▶ **Data to process**:
________________
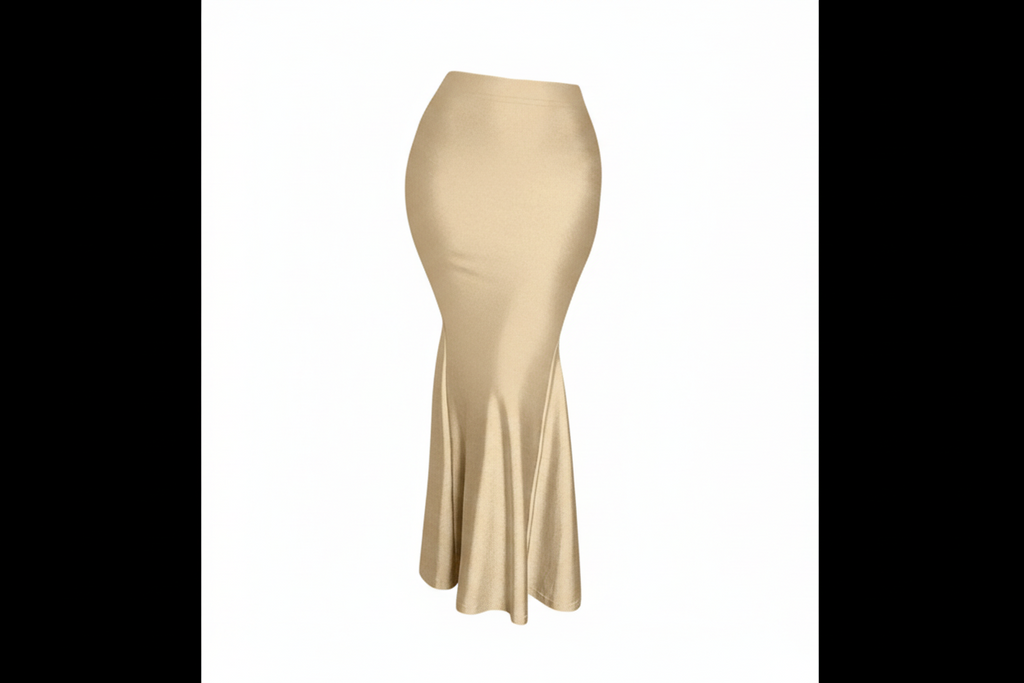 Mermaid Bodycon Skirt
________________
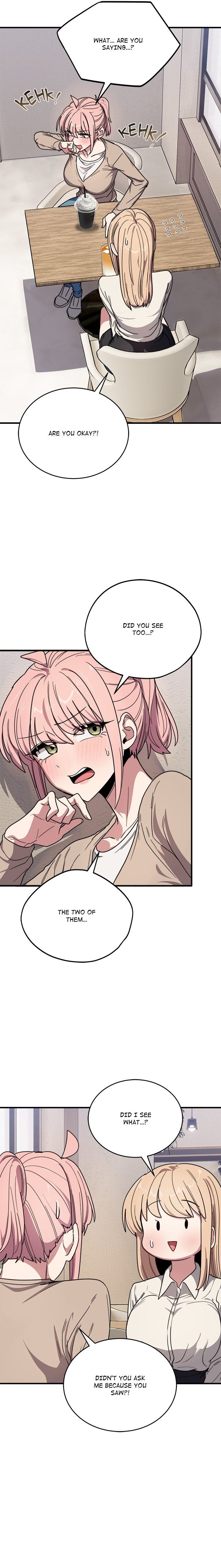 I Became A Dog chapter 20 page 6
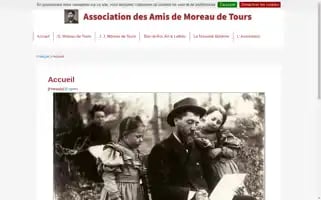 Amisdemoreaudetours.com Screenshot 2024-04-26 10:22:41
________________
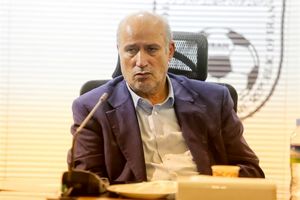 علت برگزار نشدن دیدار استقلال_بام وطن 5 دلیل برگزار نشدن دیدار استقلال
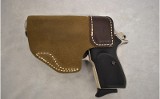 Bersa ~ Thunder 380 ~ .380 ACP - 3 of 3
________________
▶ **Brief**: Set down, exactly as written above, each line from the one with "I Became A Dog chapter 20 page 6" through the one with "Amisdemoreaudetours.com Screenshot 2024-04-26", and skip the pictures.

▶ **Written reply**:
 I Became A Dog chapter 20 page 6
 Amisdemoreaudetours.com Screenshot 2024-04-26 10:22:41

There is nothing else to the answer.